##### Material provided

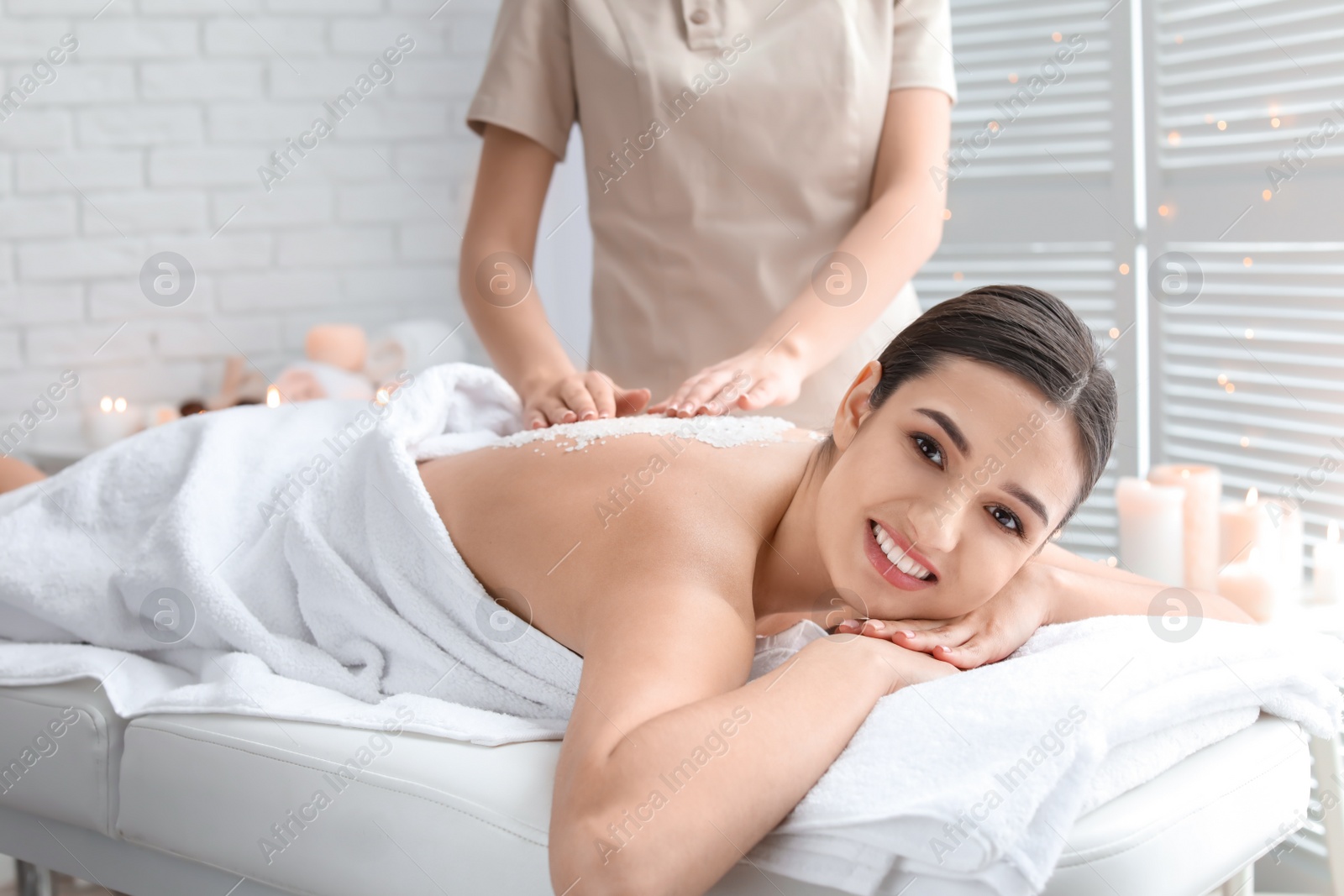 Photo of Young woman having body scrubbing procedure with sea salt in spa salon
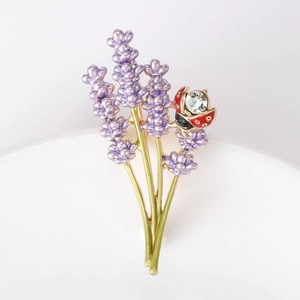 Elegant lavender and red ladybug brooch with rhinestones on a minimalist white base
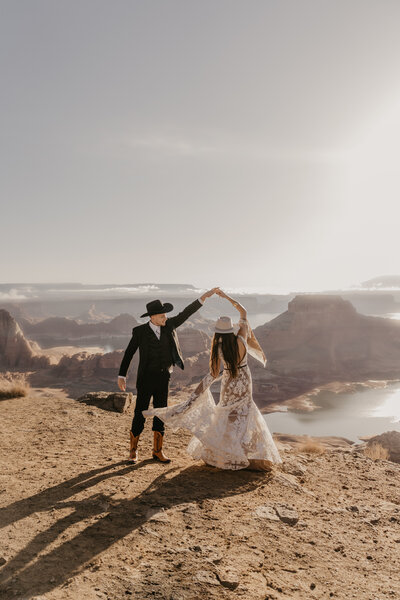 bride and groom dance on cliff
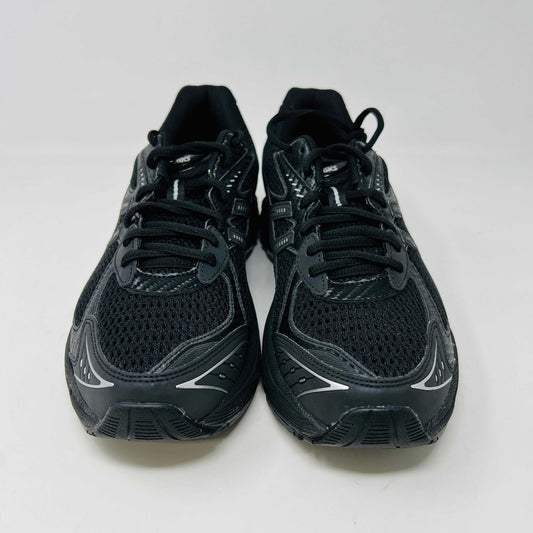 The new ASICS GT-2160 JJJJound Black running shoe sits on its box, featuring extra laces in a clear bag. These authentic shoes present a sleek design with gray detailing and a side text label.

##########

### [Problem description]
Retype the whole listing exactly and leave the pictures out.

### [Your solution]
 Photo of Young woman having body scrubbing procedure with sea salt in spa salon
 Elegant lavender and red ladybug brooch with rhinestones on a minimalist white base
 bride and groom dance on cliff
 The new ASICS GT-2160 JJJJound Black running shoe sits on its box, featuring extra laces in a clear bag. These authentic shoes present a sleek design with gray detailing and a side text label.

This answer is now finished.